How many servers do I need to self-host Countly?

For small to medium deployments (up to ~100K events/day), a single server running Docker Compose with Countly, MongoDB, and ClickHouse is sufficient. For larger volumes, you should separate MongoDB and ClickHouse onto dedicated servers or clusters.

Which platform is best for mobile app analytics?

Countly has the strongest mobile SDK coverage and was originally designed for mobile-first analytics. PostHog is a close second with excellent React Native and Flutter support. Matomo’s mobile SDKs are more limited (no React Native or Flutter).

Can these platforms handle real-time analytics?

Countly provides real-time dashboards with near-instant event processing. PostHog processes events with a slight delay (seconds to minutes) due to its Kafka-based ingestion pipeline. Matomo processes events in near-real-time but heavy-traffic sites may experience brief delays during peak hours.

Do I need a separate data warehouse for analytics?

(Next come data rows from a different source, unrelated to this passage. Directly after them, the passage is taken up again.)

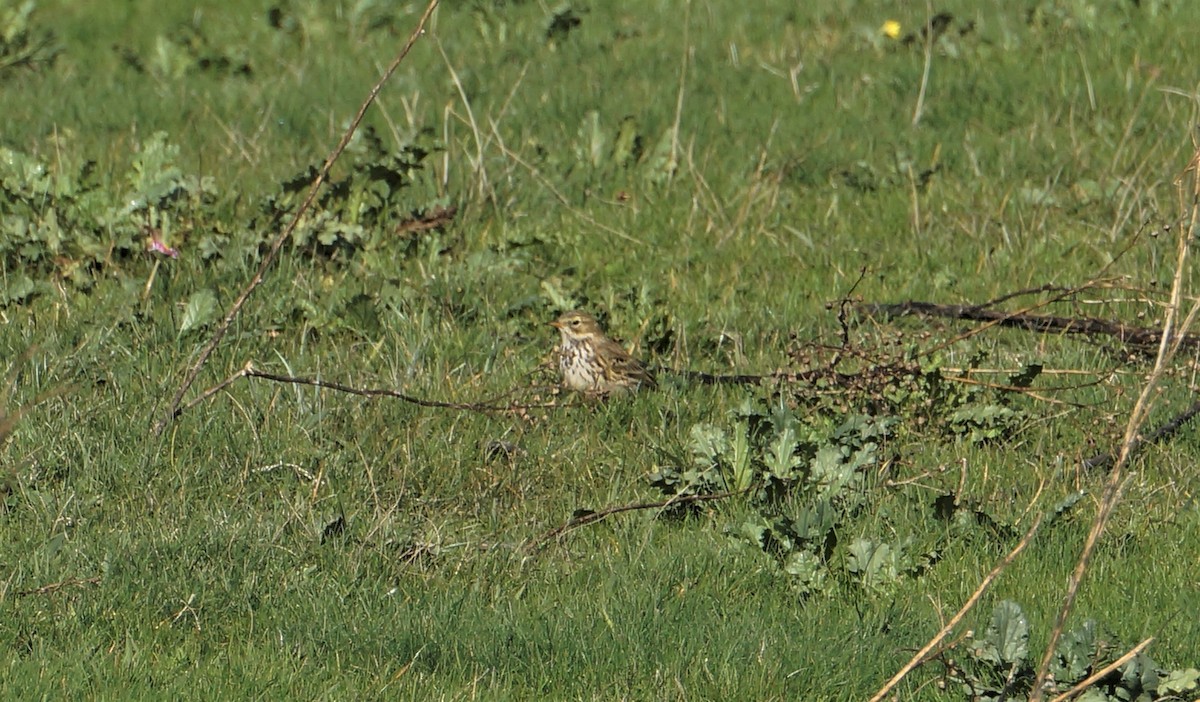 Meadow Pipit - ML610690984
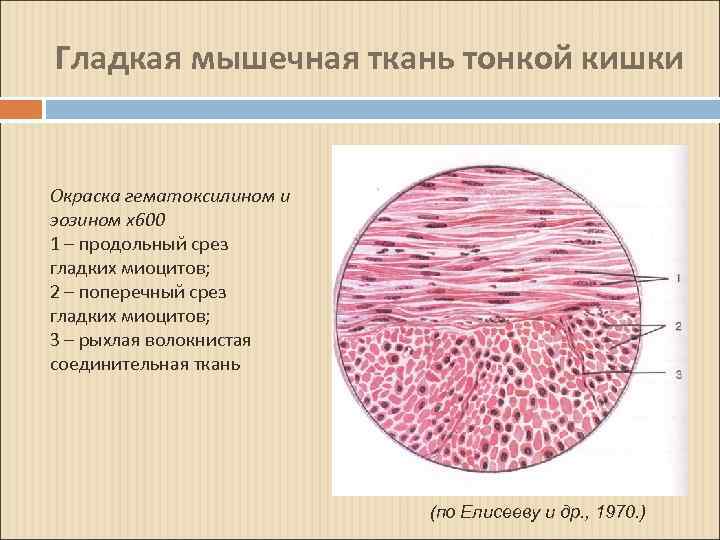 Гладкая мышечная ткань мочевого пузыря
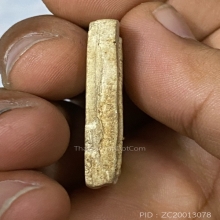 สมเด็จอกวี หลวงปู่เผือก วัดกิ่งแก้ว 96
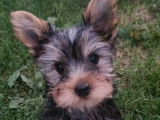 Des chiots Yorkshire Terriers à vendre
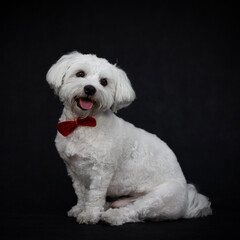 white schnauzer puppy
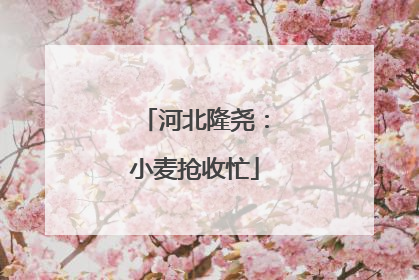 河北隆尧：小麦抢收忙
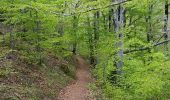 Trail Walking Vivario - Cascade des Anglais - Photo 7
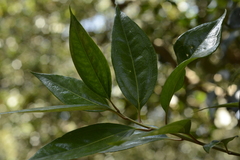 Sarcococca coriacea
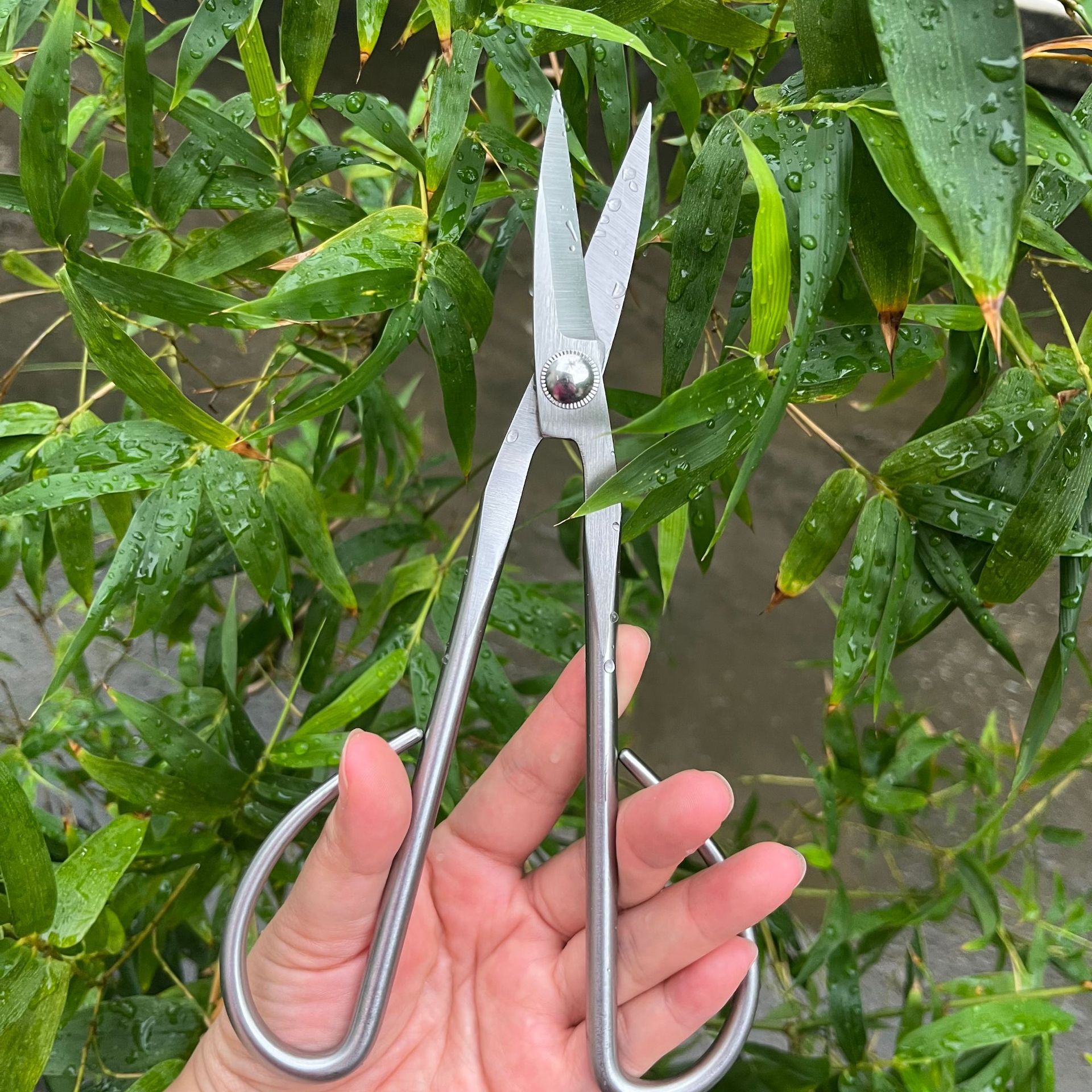 All Steel Scissors Garden Bons - Bonsai Garden Rake 리뷰 및 가격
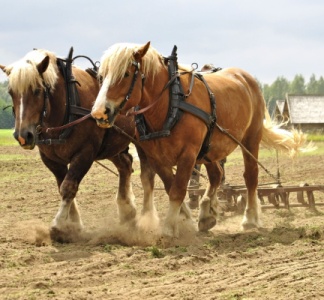Illustration article : Transition écologique : tous à cheval ?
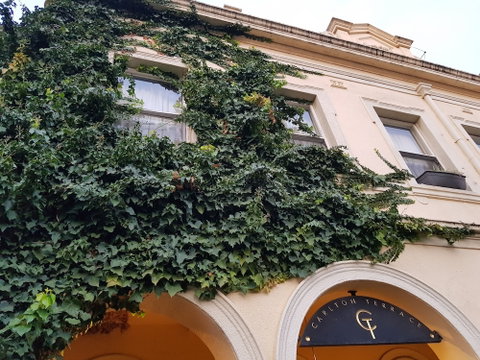 Carlton Terrace - St Kilda Accommodation 1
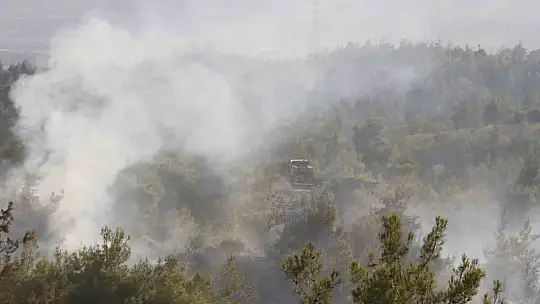 Adana'da 25-30 hektarın yandığı orman yangını kontrol altına alındı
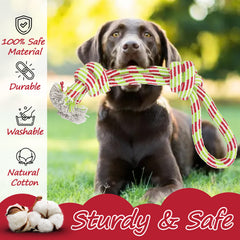 300g Dog Rope Toy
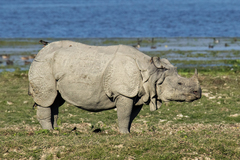 Indian Rhinoceros photo 4
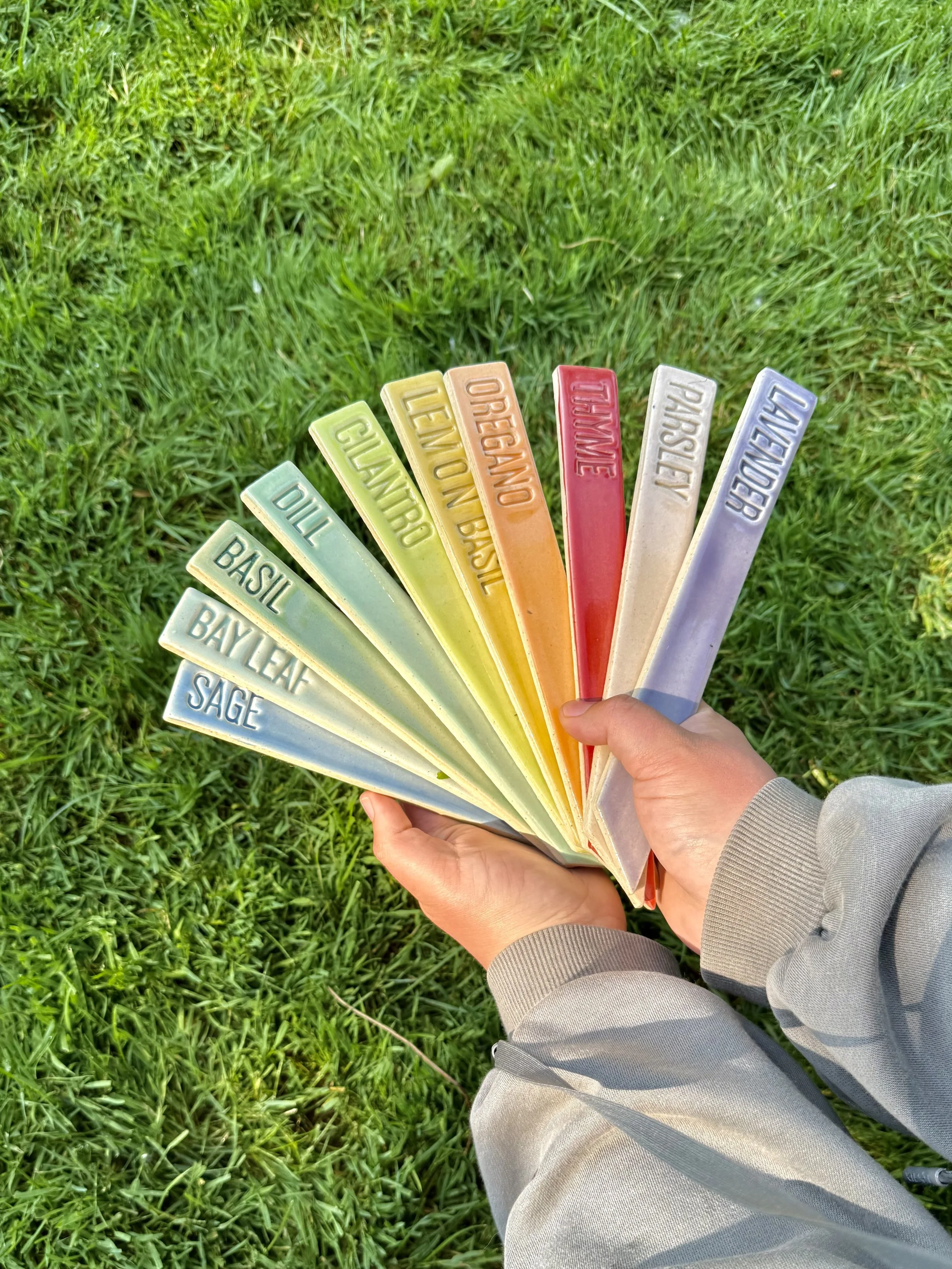 Person holding a fan of colorful herb and spice labels outdoors on grass, including sage, bay leaf, basil, dill, cilantro, lemon, oregano, turmeric, paprika, parsley, and lavender.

PostHog includes a built-in data warehouse, allowing you to run SQL queries directly against your analytics data. Countly and Matomo do not have built-in warehouses — you would need to export data to an external system like ClickHouse, BigQuery, or Snowflake for advanced SQL analysis.

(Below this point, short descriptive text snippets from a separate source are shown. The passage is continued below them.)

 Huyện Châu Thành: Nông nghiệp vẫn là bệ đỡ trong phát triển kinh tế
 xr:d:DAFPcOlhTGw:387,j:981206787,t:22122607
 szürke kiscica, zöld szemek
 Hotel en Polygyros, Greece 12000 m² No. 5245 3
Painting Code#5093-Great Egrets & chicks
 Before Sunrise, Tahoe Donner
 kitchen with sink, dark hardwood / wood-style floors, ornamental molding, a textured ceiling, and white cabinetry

How much disk space is needed for self-hosted analytics?

Event volume drives storage requirements. As a rough guide:

  • Low volume (< 100K events/day): 50-100 GB for 1 year of data
  • Medium volume (100K-1M events/day): 200-500 GB for 1 year
  • High volume (> 1M events/day): 1+ TB, consider ClickHouse for columnar compression All three platforms support data retention policies to automatically delete old events and manage storage growth.